Raquel es una empleada doméstica puertas adentro de 41 años. Sin novio, sin hijos y sin nexos aparentes con el mundo fuera de las puertas de la casa donde trabaja. Desde el principio, la vemos ceñuda y amarga; su relación con la familia que la ha empleado durante veinte años es curiosa: vive con ellos, satisface sus necesidades, ha criado a los hijos de la pareja, pero su espacio dentro del seno familiar es periférico. Le celebran, por ejemplo, su cumpleaños más preocupados por terminar rápido la hora de la cena que por agasajar con algo de cariño a una mujer cada día más imbuida en una torva sensación de vacío.

Raquel apenas habla, musita palabras casi nunca cordiales y demuestra poco a poco un resentimiento que no sabemos muy bien de dónde proviene. ¿De una vida exigua en lo emocional? ¿De una rencilla pendiente con la familia para la cual trabaja?

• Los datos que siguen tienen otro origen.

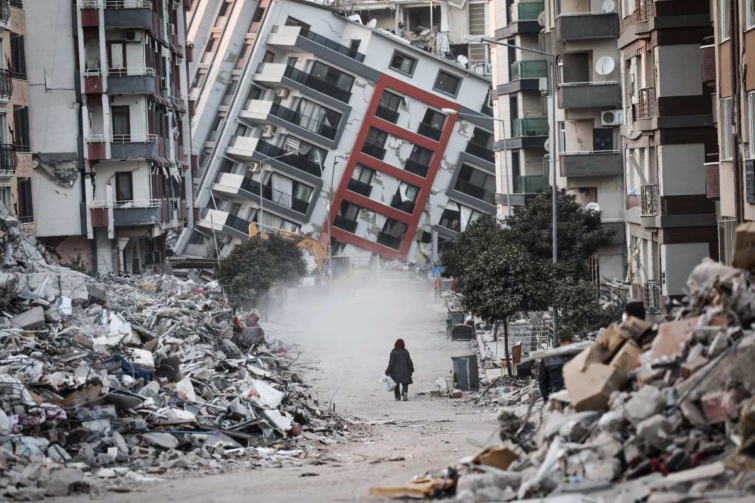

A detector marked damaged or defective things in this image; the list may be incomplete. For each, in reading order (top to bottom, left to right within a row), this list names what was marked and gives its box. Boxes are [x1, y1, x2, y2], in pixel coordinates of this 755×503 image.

cracked facade [176, 0, 496, 268]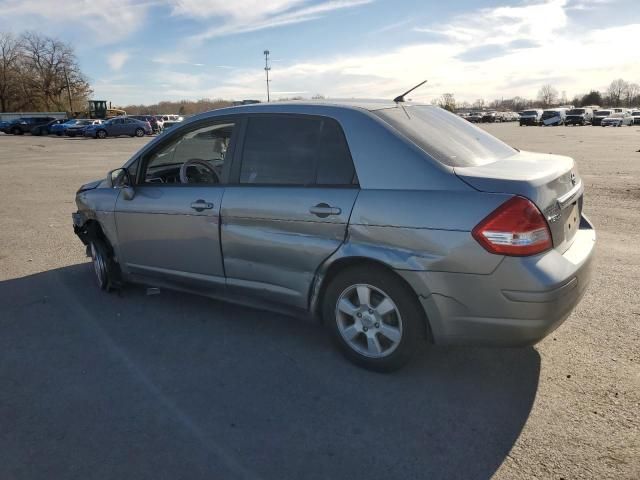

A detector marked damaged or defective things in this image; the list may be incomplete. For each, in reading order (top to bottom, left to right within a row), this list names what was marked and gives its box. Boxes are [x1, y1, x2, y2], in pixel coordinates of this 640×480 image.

damaged car [72, 100, 596, 372]
exposed wheel well [312, 256, 432, 340]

Ahí está el conflicto solapado entre Raquel y Camila, la hija mayor del matrimonio: Raquel hostiga a la muchacha con acciones burdas no obstante molestas; pasa la aspiradora frente a su dormitorio temprano por la mañana, le niega una colación a Camila y su amiga cuando éstas se marchan a la universidad. Ante esto, es interesante el papel que cumple la dueña de casa, encarnada por Claudia Celedón: una mujer para la cual los conflictos no se solucionan por medio un compromiso emocional sino a través de someros ajustes. Transita por los problemas de su hogar sin jamás hacerse parte de ellos. Aquí radica uno de los grandes logros de la película de Silva: manifiesta la incomunicación grotesca existente entre clases sociales que a pesar de servirse de distintas maneras unas a otras, no son capaces de entablar relaciones basadas en la confianza y el afecto honestos.

sebastiansilvaSin embargo, la tensión se difumina. Silva no es capaz de aprovechar como se desearía la gran actuación de Catalina Saavedra como Raquel y, en cambio, escora la película hacia una resolución torpe y poco consistente. Quedan demasiadas cosas pendientes, el porqué de esa amargura y oscuridad persistentes, esa familia en apariencia feliz pero incapaz de vincularse profundamente, Raquel y la responsabilidad de su familia en su decaimiento, los que no aparecen por ningún sitio. En cambio, Silva integra en el filme a un personaje interpretado por Mariana Loyola, una mucama que a través de su optimismo y espontaneidad saca a Raquel de su hermetismo. ¿Deberíamos entender que el patético aislamiento de la protagonista deviene única y exclusivamente de su soledad? ¿Bastaba apenas la llegada de una nueva amiga para que Raquel comprenda las oportunidades que la exuberante realidad le propone? Parece una propuesta un tanto exigua y, más aún, no acorde con la sana dureza que se exhibe en la primera mitad de la película.

Con todo, La Nana es un interesante ejercicio de prospección social a cargo de un cineasta que ha mostrado más ideas y carga emotiva que el noventa por ciento de los estrenos nacionales del año en curso. Promisorio.